21 . Puisque la défenderesse ne s' est incontestablement pas tenue à la méthode de calcul indiquée à l' article 25, paragraphe 3, de la directive pour la fixation des pourcentages forfaitaires de compensation, au motif que les données macro-économiques relatives aux seuls agriculteurs forfaitaires des trois dernières années n' auraient pas été disponibles, la requérante n' a pu se faire une idée du montant réellement justifié de ces pourcentages que par des voies indirectes . La requérante est ainsi globalement parvenue à la conclusion qu' une compensation forfaitaire, non pas de 14 %, mais d' environ 7 % seulement, serait justifiée .

22 . La défenderesse a justifié le montant du pourcentage forfaitaire de compensation par le fait qu' en premier lieu les données macro-économiques de l' ensemble de l' agriculture du secteur concerné devraient être corrigées en raison de la structure particulière de l' agriculture forfaitaire - petites entreprises et entreprises familiales . Elle a en outre invoqué, à l' audience en particulier, le faible taux d' autosuffisance de l' Italie en ce qui concerne les produits en cause et la situation économique difficile des agriculteurs concernés .

23 . Bien qu' il n' appartienne pas à la Cour de calculer en l' espèce le pourcentage forfaitaire de compensation correct, il nous semble néanmoins nécessaire d' en fixer le montant de façon suffisamment fiable afin de pouvoir juger si le pourcentage appliqué par la défenderesse est effectivement trop élevé .

24 . La défenderesse ayant produit sur la requête de la Cour des éléments chiffrés supplémentaires, sans être toutefois entièrement exhaustifs, il n' est plus nécessaire d' apprécier les éléments de preuve indirects invoqués par la requérante ni même de répondre à l' argument de la défenderesse selon lequel certains éléments de preuve invoqués par la requérante ne sauraient être admis, puisqu' ils n' étaient pas contenus dans la lettre de mise en demeure de la requérante .

25 . Si l' on considère le régime, apparemment assez compliqué au premier abord, qui est issu de la combinaison de l' article 25 et de l' annexe C de la directive, il apparaît que l' esprit et la technique de la méthode de calcul reposent sur les éléments suivants .

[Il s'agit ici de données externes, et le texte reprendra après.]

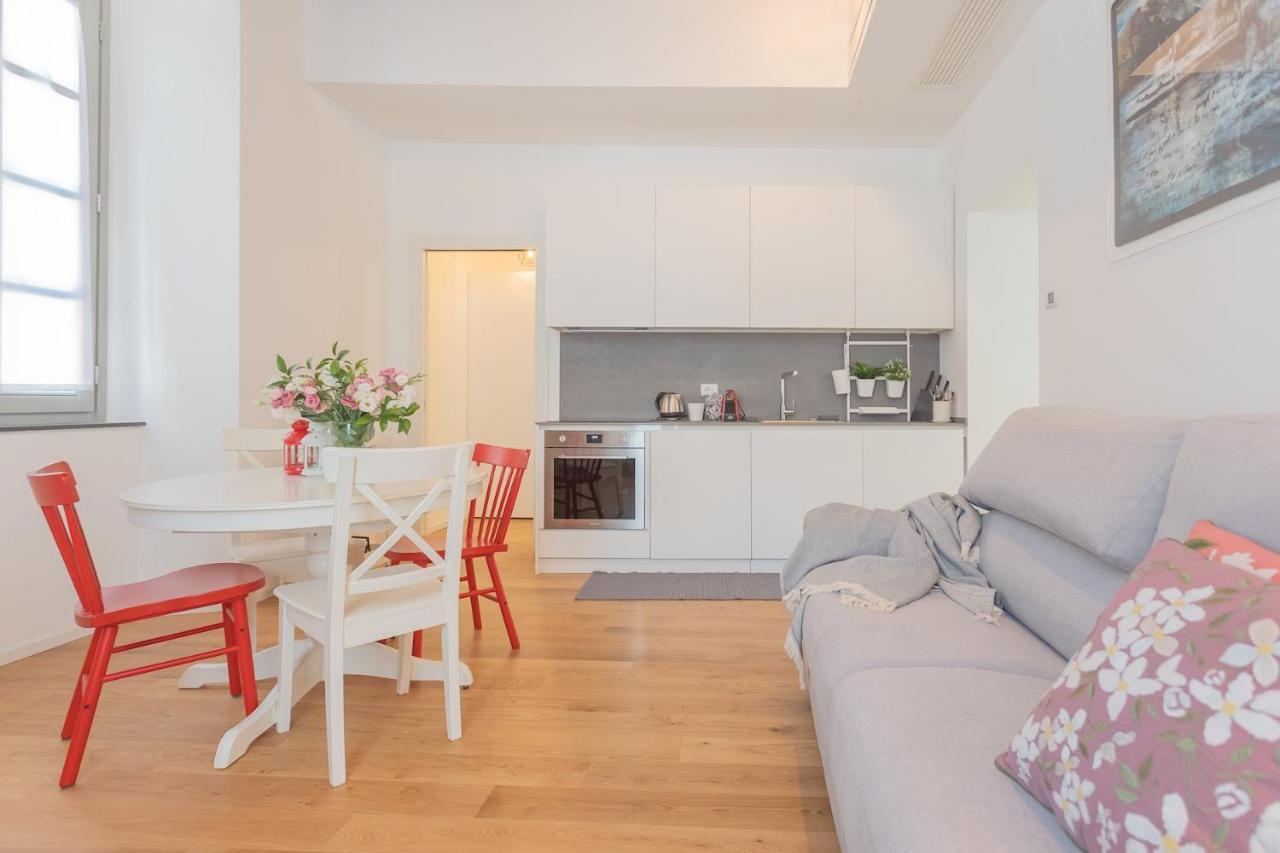 Independence Apartment With Balcony By Rent All Όπως Εξωτερικό φωτογραφία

26 . Le but du régime est de compenser pour l' ensemble du groupe des agriculteurs forfaitaires la charge de la taxe sur la valeur ajoutée que ceux-ci ont acquittée pour les biens et les services qu' ils ont achetés pour leurs exploitations, dans la mesure où cette taxe serait déductible, conformément à l' article 17, pour un producteur agricole soumis au régime normal d' application de la taxe sur la valeur ajoutée . Cette compensation est effectuée, selon la méthode de l' article 25, paragraphe 6, sous a ), de la directive choisie par la défenderesse, de telle sorte que l' agriculteur forfaitaire, à l' occasion des livraisons et prestations de services visées à l' article 25, paragraphe 5, de la directive, facture à son acheteur le pourcentage forfaitaire de compensation fixé par l' État et le retient pour son propre compte . Cet acheteur est alors autorisé à déduire la compensation forfaitaire payée aux agriculteurs forfaitaires comme une taxe en amont, lorsqu' il acquitte sa propre taxe sur la valeur ajoutée .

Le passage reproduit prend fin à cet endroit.